Cashmaster International Ltd
- Company type: Private Limited Company
- Industry: Cash management
- Founded: 1977 in Scotland
- Headquarters: Dalgety Bay, Scotland, UK
- Key people: Gordon McKie, CEO
- Website: www.cashmaster.com

= Cashmaster International =

Company in Scotland

Cashmaster International is a manufacturer of money counting machines based in Dalgety Bay, Scotland. The company makes machines that count cash by weight, an alternative to counting cash manually or using a traditional friction based banknote counter.

==History==
The company was founded in 1977 as a provider of bespoke electronic equipment using core microprocessor applications. In 1987 Cashmaster International was formed, providing count by weight machines. The company introduced a modern production facility in 2007.
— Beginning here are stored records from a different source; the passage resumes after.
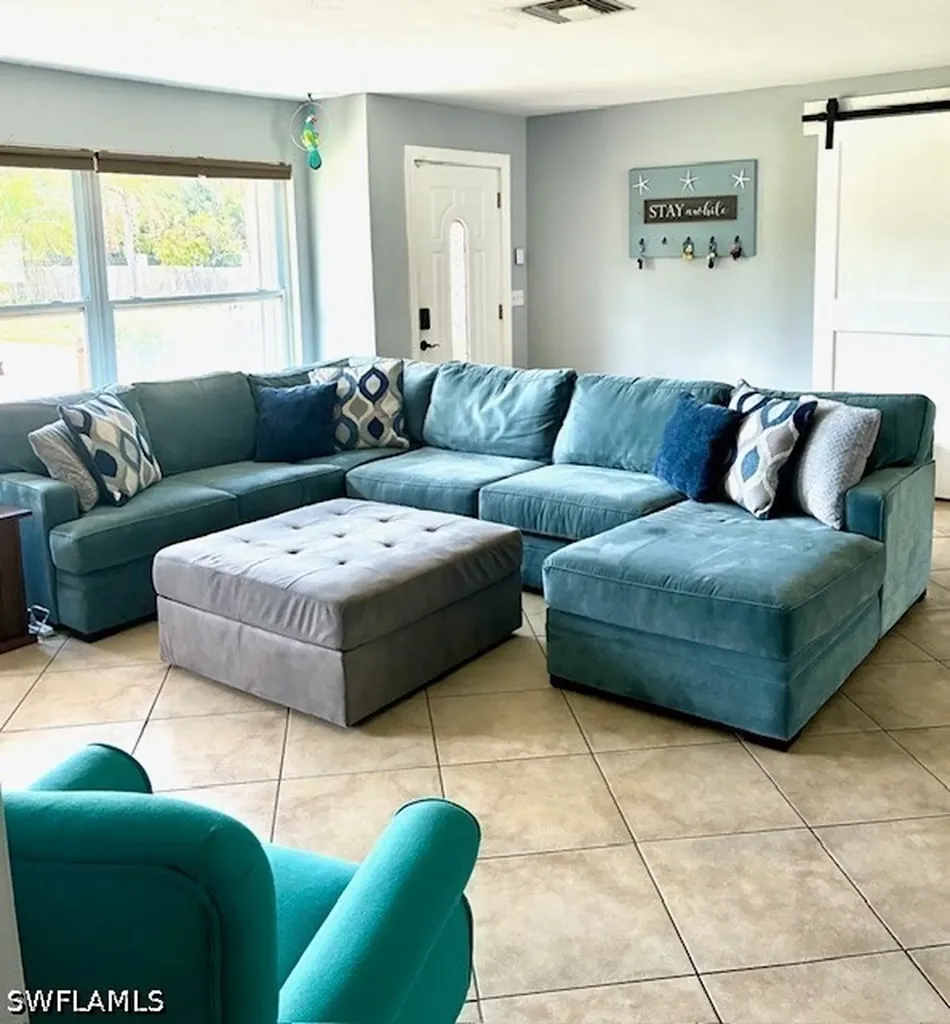 640 27th Street SW Naples FL 34117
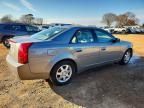 2006 Cadillac Cts hi Feature V6
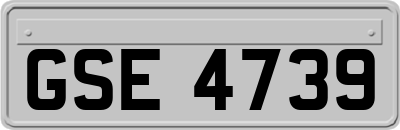 GSE4739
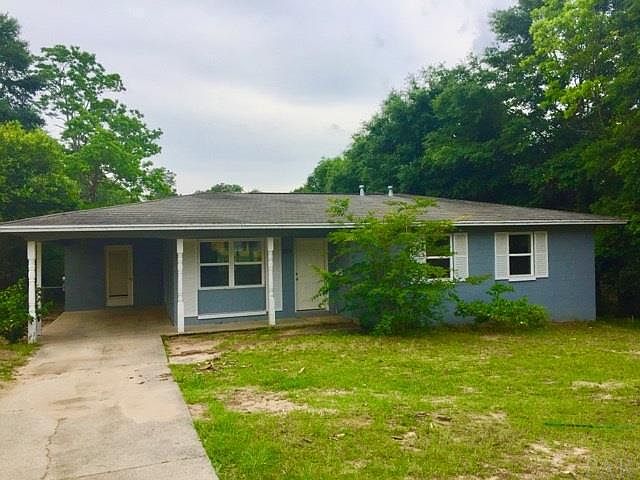 1st image of 919 Lagoon Dr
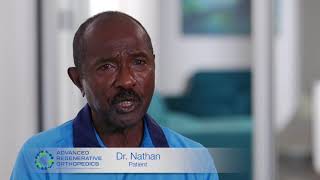 Dr. Nathan - Lutz, FL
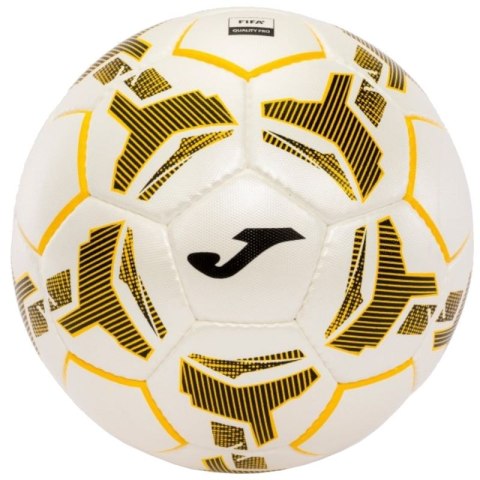 Piłka Joma Flame III FIFA Quality Pro Ball 400855220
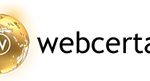 webceratin logo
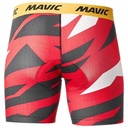 PANTALON INTERIOR MAVIC DEEMAX PRO RED M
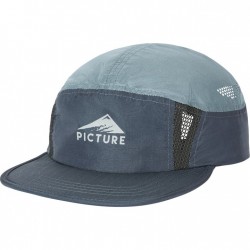 Picture Gorra Running - Shonto - Stormy weather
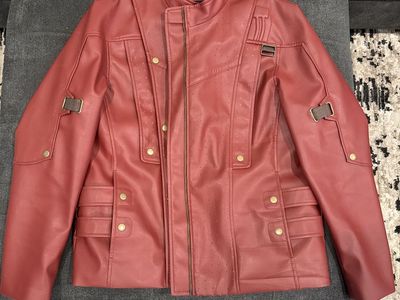 Starlord Jacket (Size L)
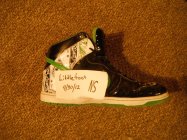 465308.jpeg 465308.jpeg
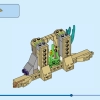 Морские животные (LEGO 31158)
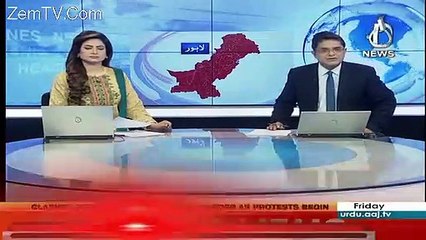 Breaking: Court Verdict Over Shoe Attackers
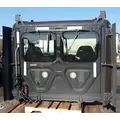FREIGHTLINER Cascadia 113 Cab Assembly thumbnail 3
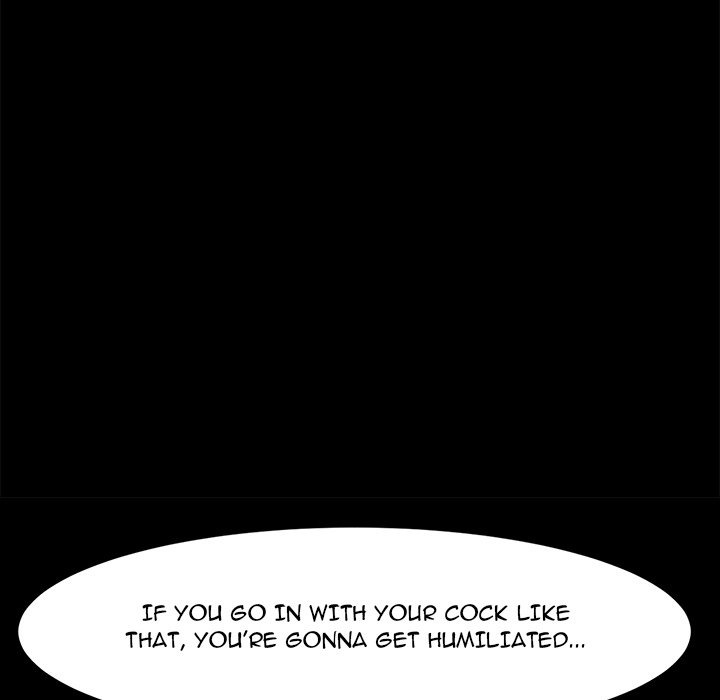 God Model Chapter 7 - Manhwa18.com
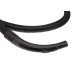 Шланг в зборі для пилососа Arno, Moulinex, Rowenta - RS-RT9532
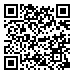 QRcode Tangara vermillon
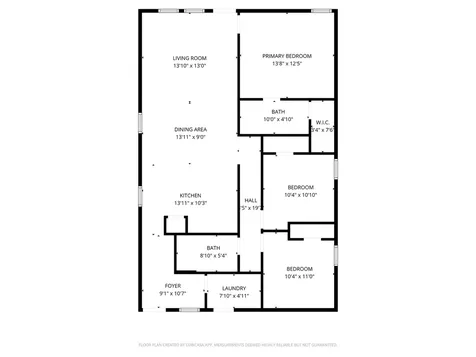 12002 Noble Wood Village Drive Magnolia TX 77354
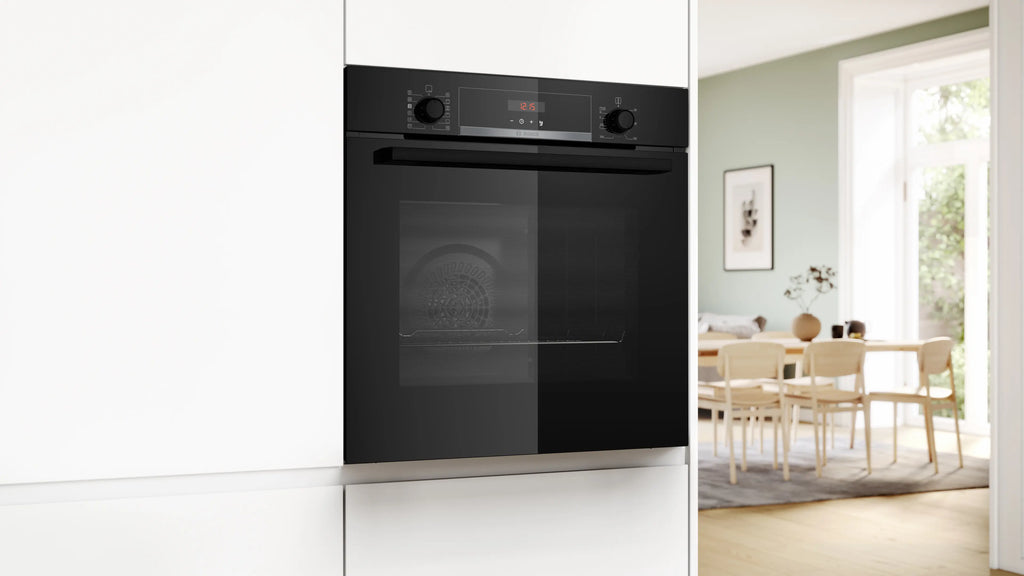 Bosch HQA574BB3B product image 4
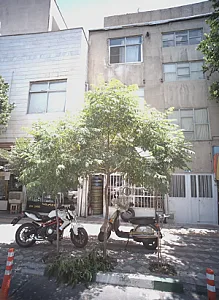 لاستیک فروشی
==Cashmaster device on the BBC==
Noel's House Party was a popular BBC television show in the 1990s which featured a competition called Grab-A-Grand in which a celebrity would grab as much money as possible in a minute from a clear booth pumped with air and filled with notes. At the end of the minute the money had to be counted quickly and it was a bespoke Cashmaster machine which was used on stage to do this.

==Present company==
Cashmaster currently has offices in the UK, Germany, Hong Kong, and the US. Their Head Office and manufacturing plant are in Dalgety Bay, Scotland. They currently have clients in over 50 countries.

Cashmaster has been noted in the press for working with HMV.